On 08/01/16 16:09, Greg Kroah-Hartman wrote:
On Fri, Jan 08, 2016 at 03:56:56PM +0000, Dean Jenkins wrote:
Hi,
Here is a summary of the kernel ticket that I created at
https://bugzilla.kernel.org/show_bug.cgi?id=110531
Before kernel 3.13, sysfs read_descriptors() was non-blocking and in kernel
3.13 the following commit was added
"232275a USB: fix substandard locking for the sysfs files"
which added usb_lock_device(udev) which can cause blocking to
read_descriptors().
Blocking occurs when sysfs read_descriptors' udev == hub_event's hdev value.
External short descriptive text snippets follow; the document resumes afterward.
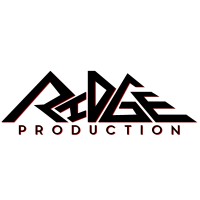 Ridge Production logo, Ridge Production contact details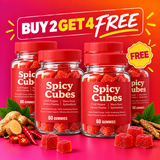 Buy 2, Get 4 Free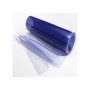 LANIÈRE PVC TRANSPARENT 1500 X 4 MM

Panneaux en PVC souple standard d'une largeur fixe de 1500 mm * 4 mm ep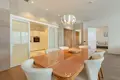 Casa 4 habitaciones 190 m² Montenegro, Montenegro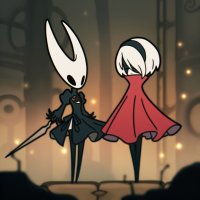 Imagen de la galería: 1769644712_vampiros.org_1769644349978491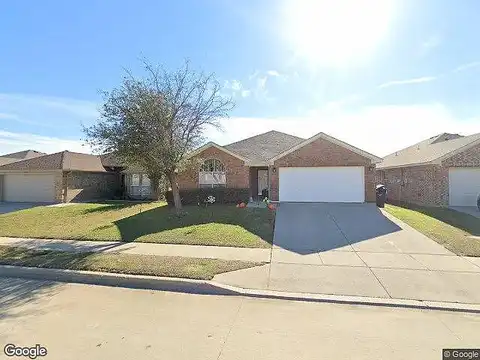 Rockmill, FORT WORTH, TX 76179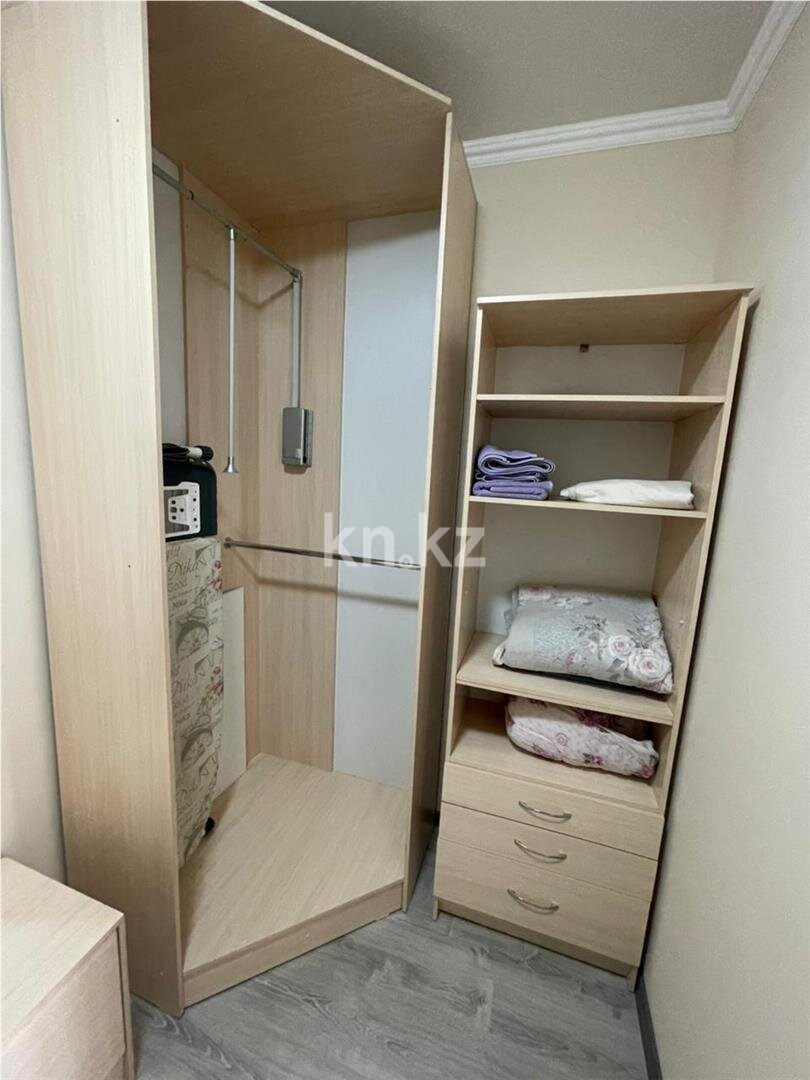 Продажа 2-комнатной квартиры, 66 м² в Караганде - фото 5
If USB comms have failed in hub_port_init() then the blocking can be up to
30 seconds due to the 6 retry attempts at re-establishing USB comms with a
USB device.
This period of mutex blocking can be too long for applications as the
application's thread for reading sysfs hangs until usb_unlock_device(hdev)
is called in hub_event().
This issue was observed in our embedded ARM based commercial project that
had an application that was reading the descriptors via sysfs to determine
whether the hub and devices supported OTG mode. The system had a check to
see whether the application got to a "normal" system state within 25 seconds
of power-up.
In the failure scenario, a malfunctioning USB stick was connected (present
at power-up) to the ARM system. The USB stick worked OK for 10 seconds but
failed causing usb_events() (ARM was based on kernel 3.14) to cause
hub_init_port() to attempt up to 6 times to try to re-establish USB
communications, this can take up to 30 seconds to complete all attempts.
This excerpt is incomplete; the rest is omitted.